Being acknowledged as the top-performing cadet in a regiment is a significant achievement and places Chung among the apex of Army ROTC cadets in the nation, according to Jeremy O’Bryan, U.S. Army Cadet Command public affairs officer at Ft. Lewis, Washington, where Warrior Forge was held.

“I just took it as blessing,” said Chung, about earning the No. 1 ranking in his class. “But, I’m nothing special. It’s a team thing. God blessed me and gave me a terrific team.”

Warrior Forge, intended to prepare cadets to be Army lieutenants, tested everything he had learned in ROTC, from physical fitness, leadership, and decision making to situational battle drills intended to imitate Iraq, Chung said.

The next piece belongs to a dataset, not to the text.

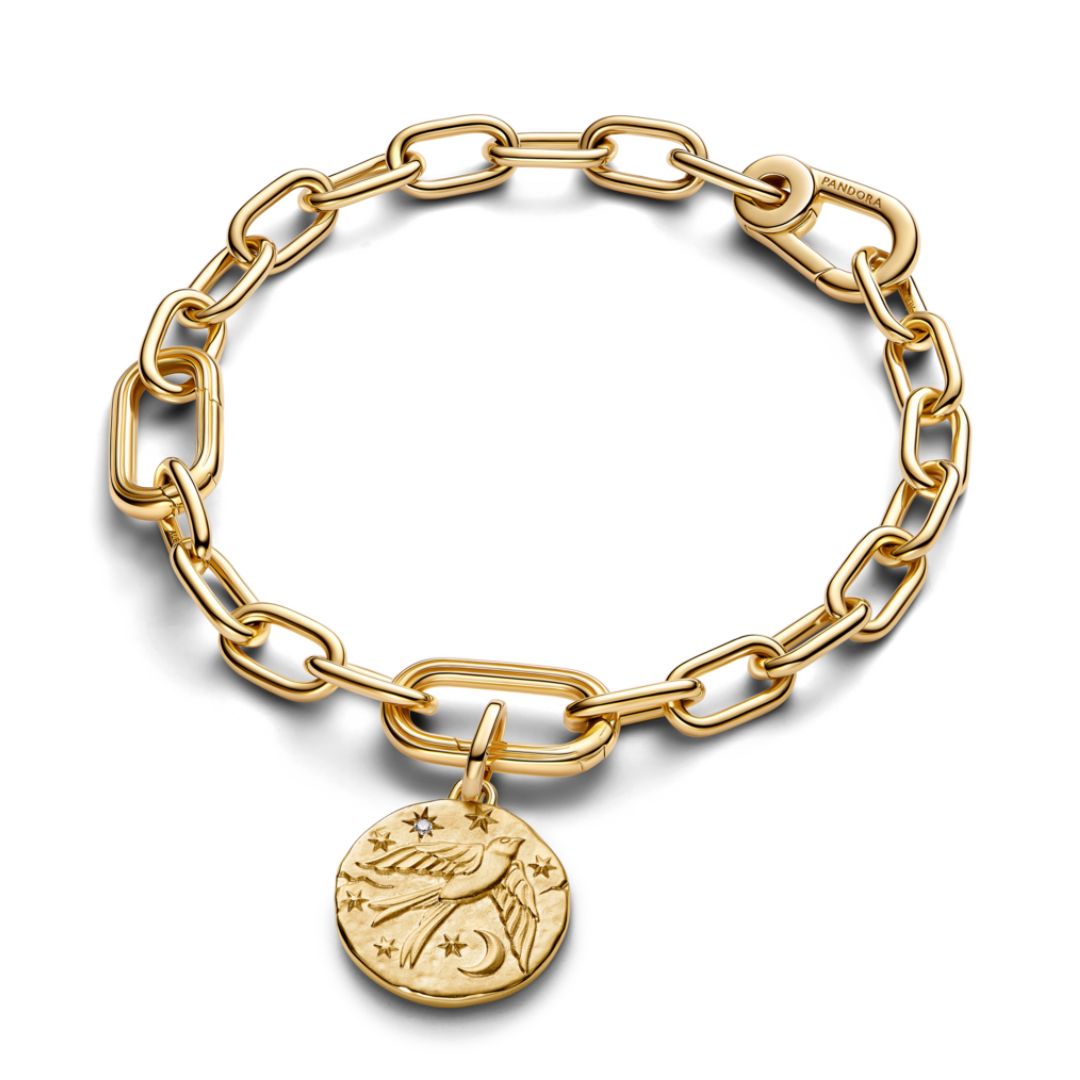 Pandora ME Swallow Medallion hela, keltakullattu, 764082C01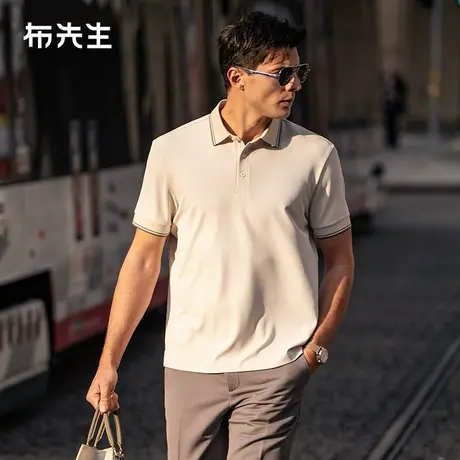 MrBu布先生商务撞色领T恤2025夏新款罗纹装饰polo衫短袖男AT16070图片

After Warrior Forge graduation July 23, Chung returned home for just five days before heading to the U.S. Army’s challenging airborne parachute school at Ft. Benning, Georgia. The three-week airborne course, which puts cadets through a grueling training regimen and hones their skills for safely parachuting in full combat gear, is highly coveted.

Cadets are trained alongside regular military personnel from various branches, allowed to wear their “wings” after graduation, and often become mentors to younger cadets once they’re back on campus. In addition, airborne training helps build a cadet’s resume, potentially opening the door to further training in air assault, mountain warfare, special operations, and other specializations.

For him, jumping out of an airplane the first time wasn’t scary, Chung said. There were too many procedures running through his mind to allow that to creep in. Before he knew it, he was in the air barreling toward Earth.

“When my parachute opened up, it literally felt like God was holding me up,” Chung said. “It was the most peaceful feeling.”